Centre for Civic Education (CCE) commemorates innocent victims of crimes that happened during the operation “Storm“, which lasted from 4 to 7 August 1995, and uses the opportunity to reiterate its call on all authorities in the region to effectively deal with the past.
We remind that 26 years ago, with the attack on Knin, at dawn on 4 August 1995, the long-prepared exodus of Serbs from Krajina began. In the military-police operation “Storm”, conducted by the Croatian units, systematic crimes were committed against Serb civilians and their property. For a few days, about 250,000 people were expelled, mainly to Bosnia and Herzegovina, Serbia and other countries of the former Yugoslavia, and thousands of houses and other buildings were burned. Even today, a large number of refugees are waiting to return to the areas from which they were expelled. According to data of the Croatian Helsinki Committee for Human Rights, by the end of 1995, about 400 Serbs who chose to stay in their homes were killed.
The CCE points out that the operation “Storm“ represents one of the most brutal and largest ethnic cleansings in the territory of the former Yugoslavia in the conflicts of the 1990s, and at the same time, it is a crime for which none has been held accountable to date. In 2008, the International Criminal Tribunal for the former Yugoslavia (ICTY) convicted General Ante Gotovina (Commander of the Croatian Armed Forces Split and Chief Operational Commander of Operation Storm in the southern part of Krajina) for crimes against the Serb population in “Storm” then Ivan Čermak, Commander of the Knin Corps and Mladen Markač (Commander of the Special Police of the Ministry of the Interior of the Republic of Croatia.
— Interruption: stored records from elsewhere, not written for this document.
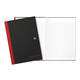 Notitieboek Oxford Black n' Red A4 96vel ruit 5mm
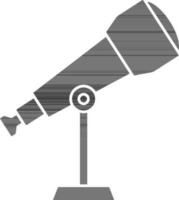 illustration de télescope icône dans noir et blanc Couleur plat style. vecteur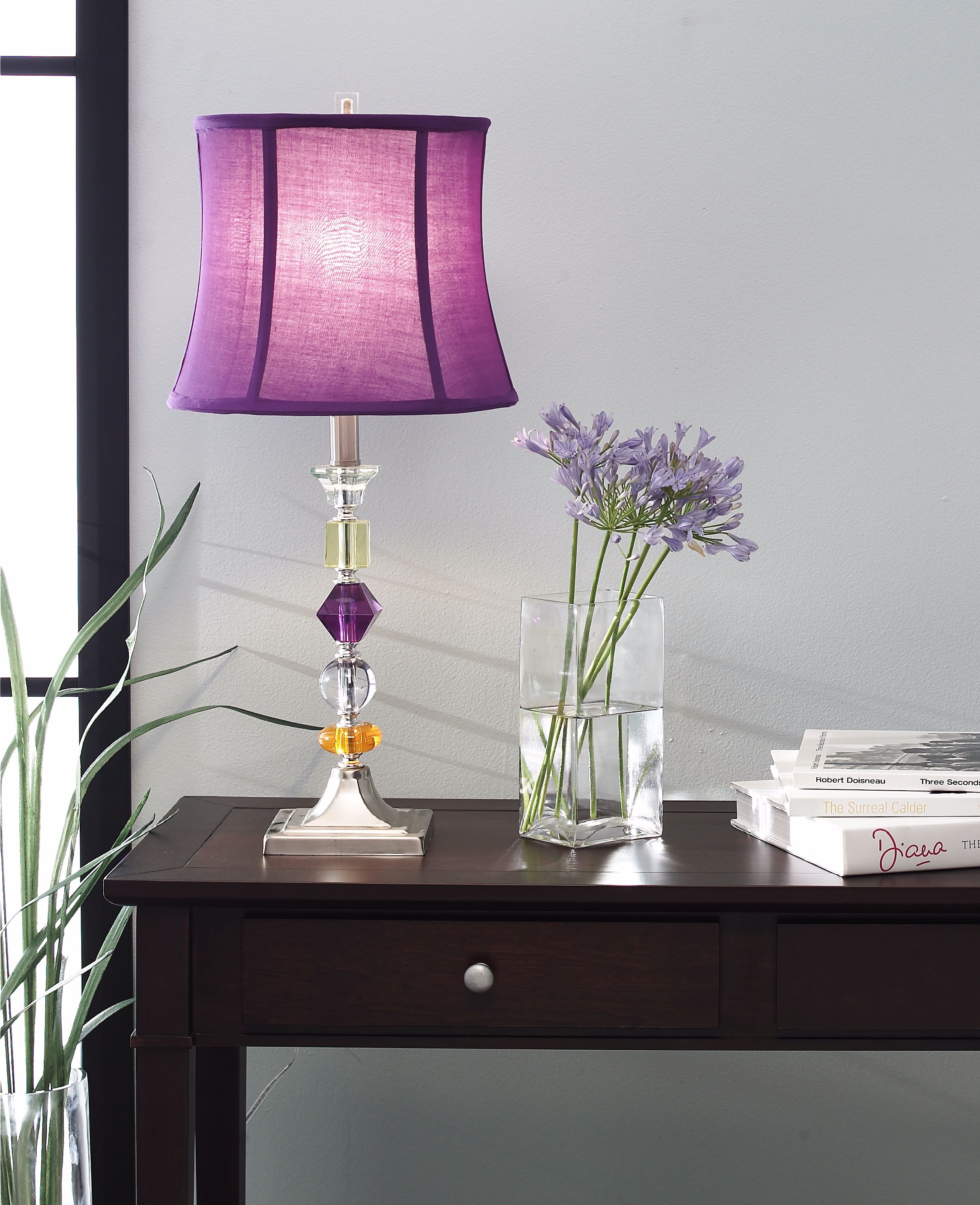 purple bijoux floor lamp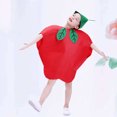 thumbnail image 2 of EeaseMX Disfraz infantil con diseño de frutas y verduras, creativo y divertido, para cosplay, fiesta infantil, desfile de moda (forma de manzana)., 2 of 7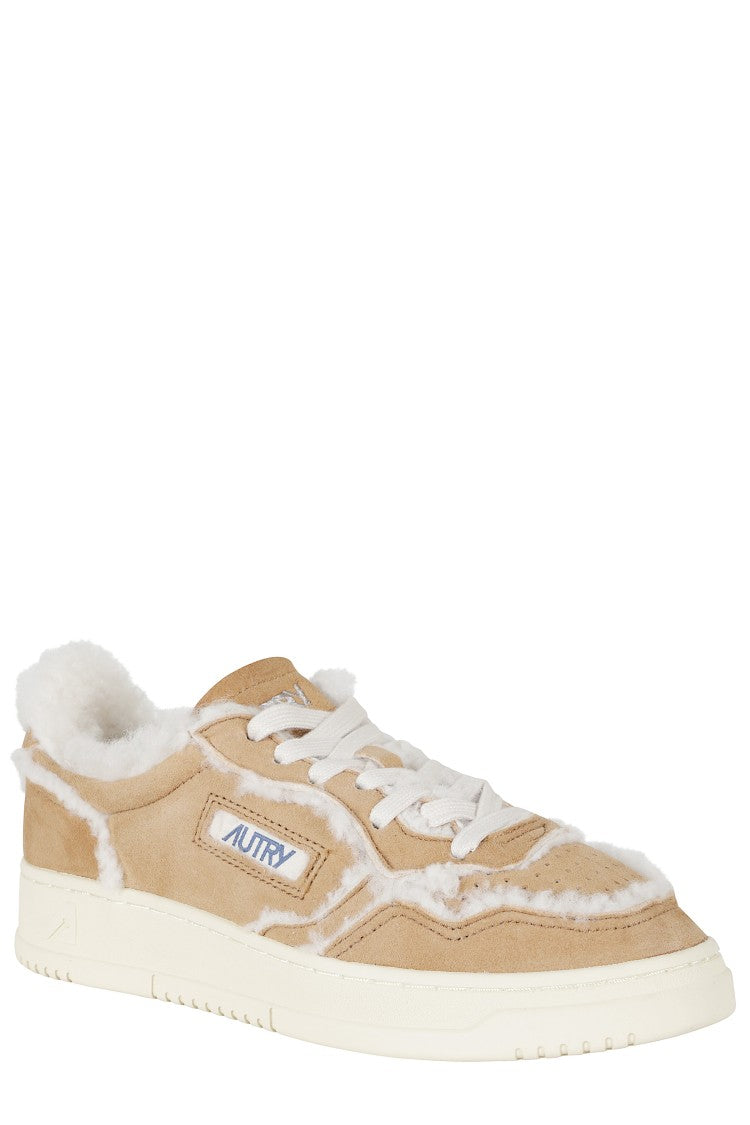 Autry Cognac Medalist Low Suede Sneakers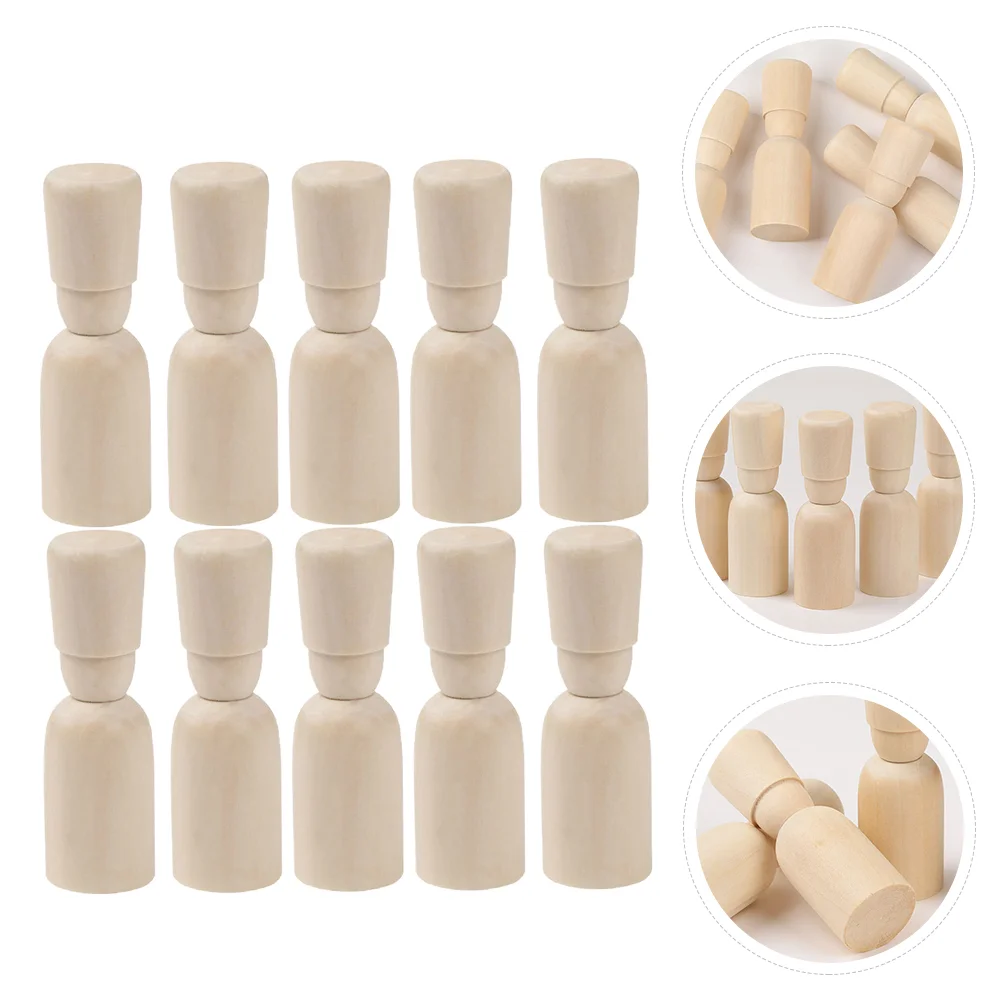 Ручной декор деревянные человеческие куклы игрушки сделай сам граффити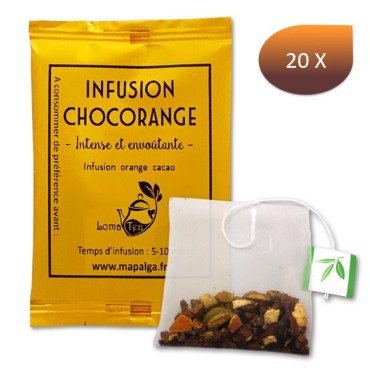 20 infusettes individuelles d'Infusion CHOCORANGE - LOMATEA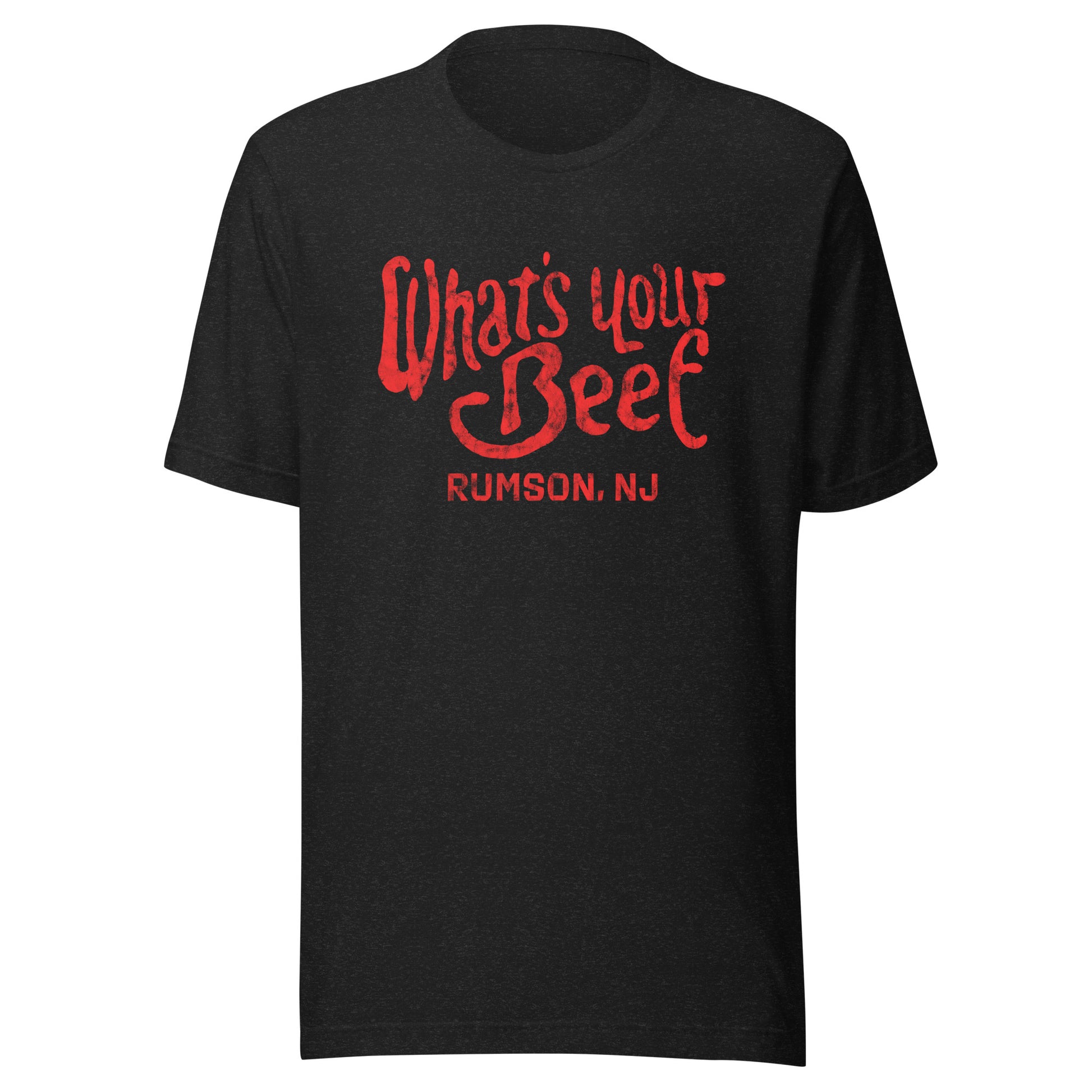 What's Your Beef - RUMSON - Unisex t-shirt Black Heather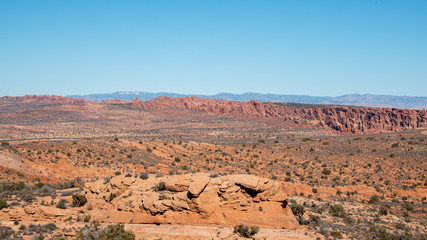 Views from around the Arches National Park, Utah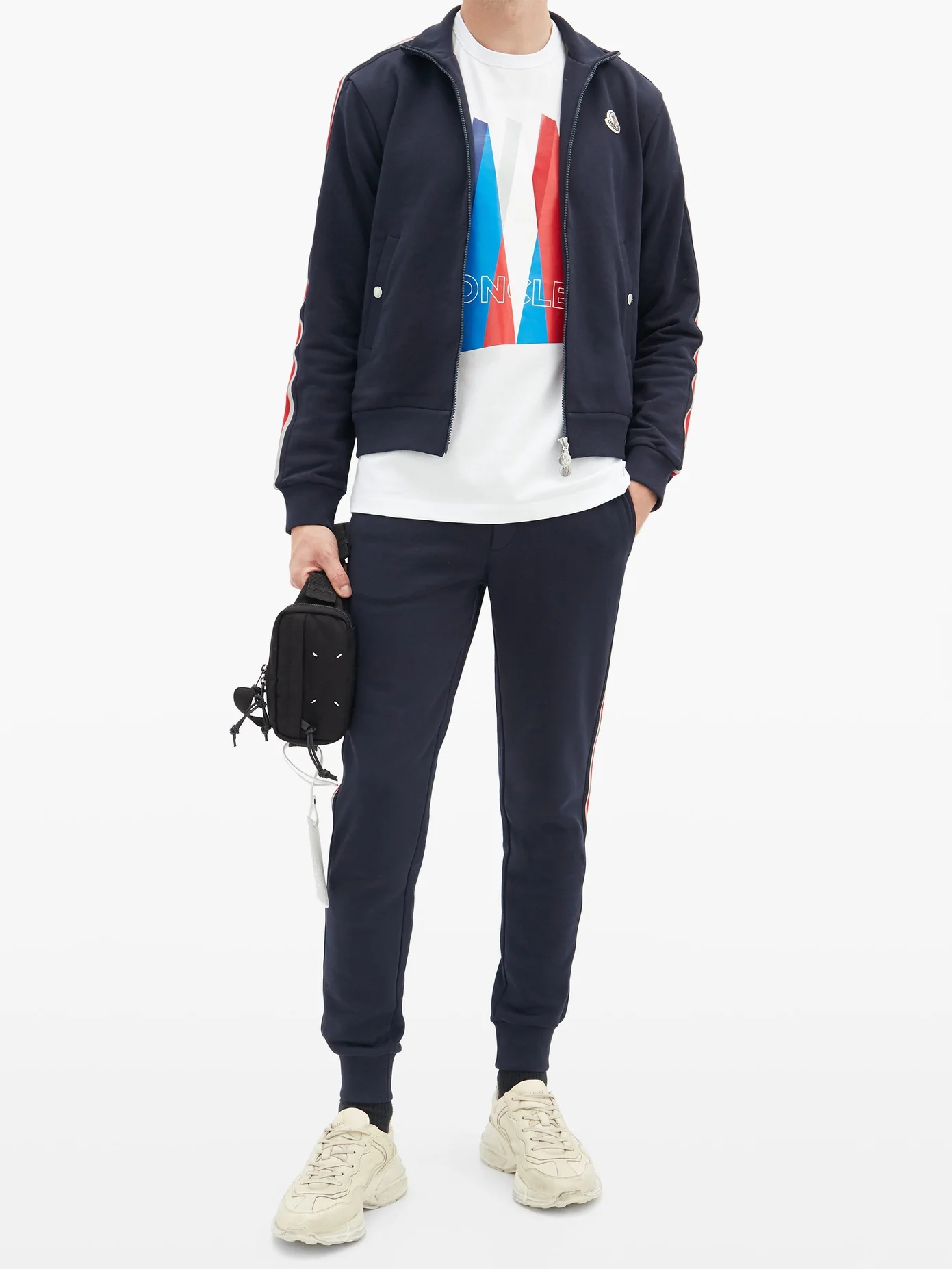 Zip-through cotton-jersey track top - 6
The first-instance verdict from 2011 sentenced Gotovina and Markac to 24 and 18 years in prison for war crimes and crimes against humanity, while Cermak was acquitted, and after an appeal, the following year, Gotovina and Markac were acquitted too. This verdict has caused a great deal of controversy as the ICTY Trial and Appeals Chamber – based on the same facts and the same right – have reached opposed conclusions on key issues disputed by the prosecution and the defence at trial. However, it is important to emphasize that these conclusions do not call into question the facts about what happened during and after Operation „Storm”.
Victims, survivors and families of murdered and missing ones during the ‘’Storm“ are invisible victims for institutions of all countries in the region. Whether they live in Croatia, Serbia or Montenegro today, they do not have any financial, health or psycho-social institutional support. In March 2020, the Law on the Rights of War Veterans, Army Invalids, Civilian Invalids of the War and Members of their Families was passed in Serbia, but even in it, the victims of the operation ‘’Storms“ are not recognized as civil invalids of the war.
During this week of marking the 26th anniversary of the “Storm”, CCE will participate in the regional online campaign organized by the SENSE – Center for Transitional Justice. The campaign is composed of five narratives – The goal of the operation “Storm”; Purpose of shelling; Murders; Destruction and plunder of property; Preventing of return. As of today, all materials will be published on social media by the CCE, SENSE and partners.